Issues involving the professional indemnity insurance of award-nominated programme cited as reason for ending partnership
City Law School has parted ways with a pro bono scheme that Legal Cheek revealed earlier this summer was charging students almost £400 in training fees.
The duty advice scheme (DAS) — operated by No.53 Legal Limited — offers aspiring barristers the opportunity to hone their advocacy skills, representing clients on a pro bono basis in matters concerning possession proceedings, mortgages and secured loans.
Legal Cheek can now reveal that City Law School has terminated an agreement with No.53 Legal Limited after the company failed to satisfy the law school’s concerns that the appropriate professional indemnity insurance was in place.
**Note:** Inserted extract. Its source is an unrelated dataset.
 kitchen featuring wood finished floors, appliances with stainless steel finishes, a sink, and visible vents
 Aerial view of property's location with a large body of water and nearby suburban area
The move, which took place earlier this month, comes in spite of No.53 Legal’s website clearly stating on its ‘who we are’ page that it has “PII for its business activities”. No.53 Legal is disputing City’s termination of the deal.
An internal City Law School email — that Legal Cheek has seen — was sent to all students currently enrolled on the university’s Bar Professional Training Course (BPTC). Confirming the termination with “immediate effect”, the email failed to elaborate on why the decision had been taken, leaving a number of students who had either volunteered — or were about to — concerned.
No.53 Legal — that was shortlisted for a Law Society Excellence Award back in 2012 — is currently encouraging law students to apply for “January starts” on its recruitment page. This has contributed to the confusion among City students.
Notwithstanding some aspiring lawyers having to fork out almost £400 to take part in the scheme, City Law School has previously defended its association with the company, pointing out that advocacy training is expensive and that it had negotiated a “special discounted rate for our students”.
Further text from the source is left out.